Nevertheless, clearly I had to return to these pictures again, their stature being so high in history, but more than that, something was eliciting me inside. I kept thinking that submitting myself to revisiting of these and others like them would lead me to a point…..until I realised that the revisits were the point. These movies were about something and that’s why they were great. That something may require patience, wisdom and guts, but if it’s there, you will find it.

Only God Forgives is a movie from Mars. Every fibre of my being tells me it is dumber than a bag of hammers, but even that very notion is so apparently titillating that I can’t help but feel that there might be something to this. Upon days of contemplation, I guess there isn’t. One film critic out of fifty has felt there is; the rest, not.

This critical reception of Only God Forgives also falls under the expectation paradox. I, however, do not. The film comes from director Nicolas Winding Refn, whose last film, Drive (2011), was severely overpraised at the time. Both films share the asinine, infantile arty prattle that everyone has found so offensive only this time round. I can’t get behind an argument that implies this is a movie so bad that only very talented people could have made it. A lot of these people are barely competent. The only good film Mr Refn has made was Bronson (2008). So, I guess my coming into the theatre from this different angle may account for my fascination in the garbage on screen.

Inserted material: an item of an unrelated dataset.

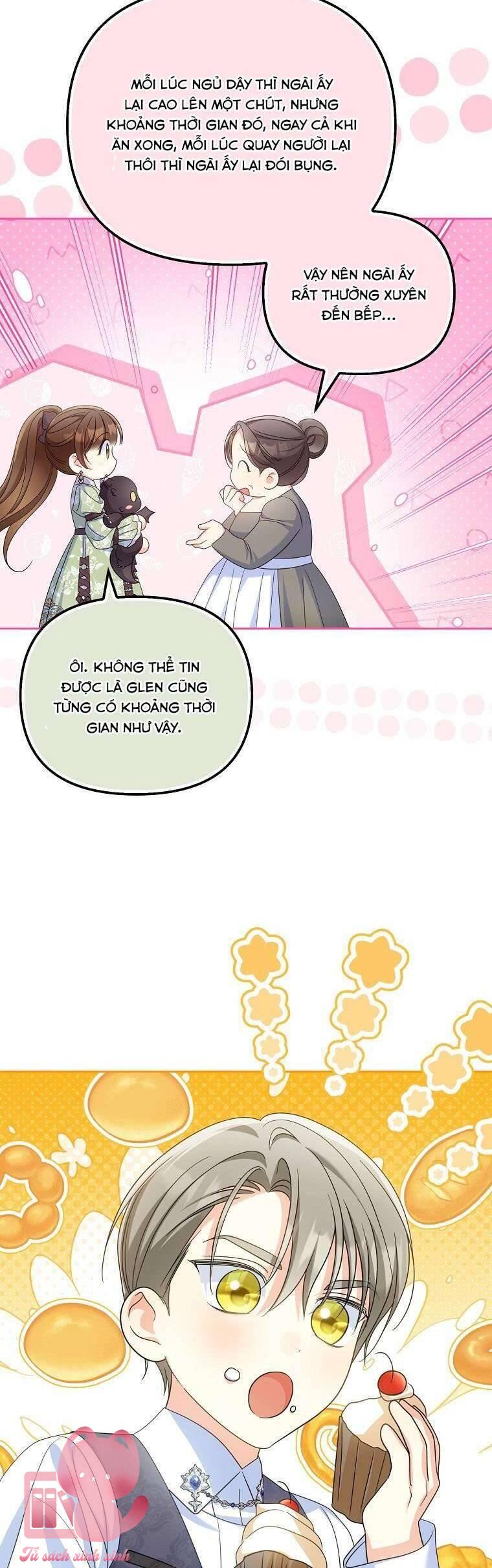 Sao Lại Ám Ảnh Cô Vợ Giả Mạo Quá Vậy? Chap 40 - Trang 4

The film is set in Thailand (for no real reason, other than to homage 80s Asian sub-crime films). Ryan Gosling plays what I can only assume is a Refn surrogate. He’s a drug dealer who owns a boxing gym and loves to keep his lips tight and walk really slowly down neon-lit corridors followed by camera dollies. He is commanded by his mother (Kristin Scott Thomas) to avenge the murder of his brother (Tom Burke) – even though this particular brother raped and killed a 16-year-old girl, but, according to his mother, “He must have had his reasons”.

Moral artistic complexity arrives in the form of a former cop (Vithaya Pansringarm) who always keeps a sword behind his back to hurt people with, though sometimes he likes to use hairpins. The complexity in question refers to the fact that he has a young daughter and therefore has a personal crusade against abuse of young girls. This also compels him to sing a lot of karaoke because, well, why not? Both he and Gosling spend the film in a contest of who can be less expressive.

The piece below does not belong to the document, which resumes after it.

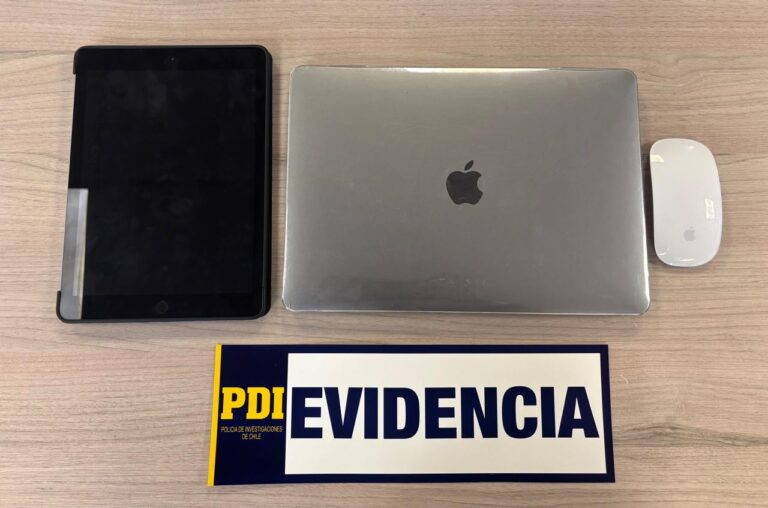 PDI detiene a un sujeto por receptación flagrante en Valdivia.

While all of this is going on we see limbs carved, faces singed, eyeballs pierced, prostitutes masturbating, shots of children staring at things, Kristin Scott Thomas doing her version of Donatella Versace, shots of gushing blood, shots of modern furniture, shots of characters from side-view, front-view, bird’s-eyed view, no-eye view and a great deal of dead air (not counting Cliff Martinez bombastic music).

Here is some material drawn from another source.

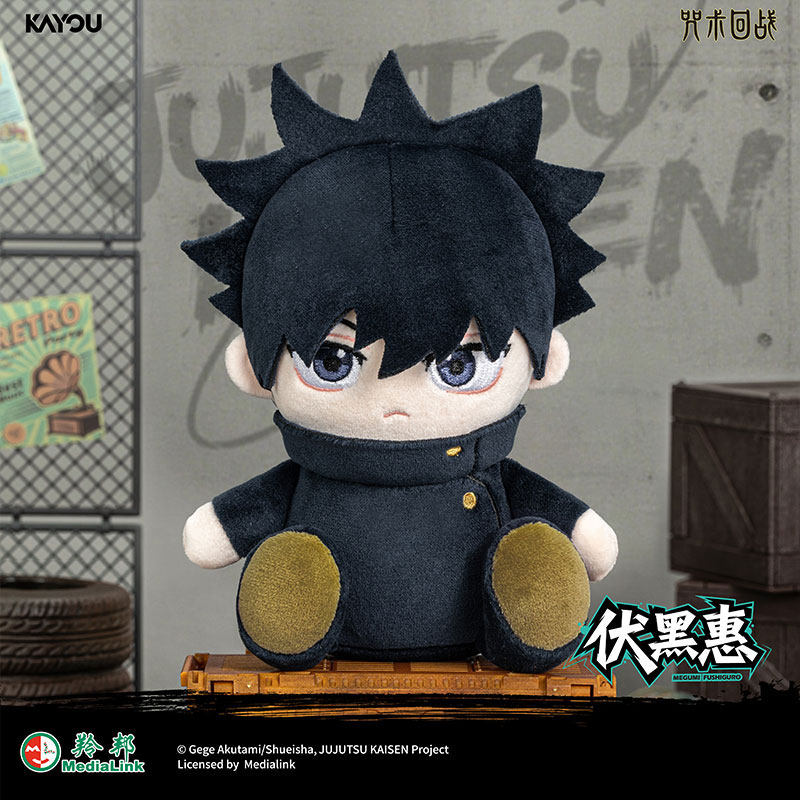 Anime Merchandise In Japan - KAYOU Jujutsu Kaisen Blind Box Yuji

Only God Forgives is a lot of noises and images, which, believe or not, is not a movie. The problem here is Mr Refn is an excellent decorator who just happens to like photographic symmetry. He’s a like a carpenter; a carpenter who can build a magnificent table. Unfortunately, this is not what a director is. The director is not the carpenter. The director is the architect. One of Mr Refn’s techniques is to shoot chronologically and edit sequences once they’ve been completed. This avows my theory.

So I can’t quite call this Mr Refn’s Zabriskie Point because that would imply he has made a Blow-up. Though if we’re going to bring up other filmmakers, Mr Refn actually dedicates the movie to Alejandro Jodorowsky and Gasper Noe, both of whom have nothing in common with their apparent dedicator. But I can’t deny experiencing giddiness whilst witnessing a filmmaker so foolishly attempt to conceal desperation with supposed capability. And, well, in the end, if God can forgive it, I guess I can too.